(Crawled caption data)
------------------------

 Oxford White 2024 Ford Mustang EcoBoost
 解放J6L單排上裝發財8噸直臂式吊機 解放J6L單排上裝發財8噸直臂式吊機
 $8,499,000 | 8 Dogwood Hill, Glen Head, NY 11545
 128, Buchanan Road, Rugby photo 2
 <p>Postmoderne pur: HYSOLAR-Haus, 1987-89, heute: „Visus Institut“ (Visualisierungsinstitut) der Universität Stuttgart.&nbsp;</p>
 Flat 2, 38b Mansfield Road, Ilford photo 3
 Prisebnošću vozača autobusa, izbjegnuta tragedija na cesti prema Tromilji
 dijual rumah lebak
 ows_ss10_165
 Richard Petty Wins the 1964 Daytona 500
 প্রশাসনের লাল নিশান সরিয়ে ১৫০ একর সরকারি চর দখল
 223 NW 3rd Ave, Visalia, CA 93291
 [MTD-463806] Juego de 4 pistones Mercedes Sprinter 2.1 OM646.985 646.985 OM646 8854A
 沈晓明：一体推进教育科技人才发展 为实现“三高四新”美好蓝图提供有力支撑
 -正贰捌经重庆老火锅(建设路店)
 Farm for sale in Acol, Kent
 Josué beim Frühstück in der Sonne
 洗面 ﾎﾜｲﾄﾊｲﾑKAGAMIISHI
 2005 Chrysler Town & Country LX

------------------------

-- Your instructions --
Set down each entry exactly, leaving none out.

-- Answer to the problem --
 Oxford White 2024 Ford Mustang EcoBoost
 解放J6L單排上裝發財8噸直臂式吊機 解放J6L單排上裝發財8噸直臂式吊機
 $8,499,000 | 8 Dogwood Hill, Glen Head, NY 11545
 128, Buchanan Road, Rugby photo 2
 <p>Postmoderne pur: HYSOLAR-Haus, 1987-89, heute: „Visus Institut“ (Visualisierungsinstitut) der Universität Stuttgart.&nbsp;</p>
 Flat 2, 38b Mansfield Road, Ilford photo 3
 Prisebnošću vozača autobusa, izbjegnuta tragedija na cesti prema Tromilji
 dijual rumah lebak
 ows_ss10_165
 Richard Petty Wins the 1964 Daytona 500
 প্রশাসনের লাল নিশান সরিয়ে ১৫০ একর সরকারি চর দখল
 223 NW 3rd Ave, Visalia, CA 93291
 [MTD-463806] Juego de 4 pistones Mercedes Sprinter 2.1 OM646.985 646.985 OM646 8854A
 沈晓明：一体推进教育科技人才发展 为实现“三高四新”美好蓝图提供有力支撑
 -正贰捌经重庆老火锅(建设路店)
 Farm for sale in Acol, Kent
 Josué beim Frühstück in der Sonne
 洗面 ﾎﾜｲﾄﾊｲﾑKAGAMIISHI
 2005 Chrysler Town & Country LX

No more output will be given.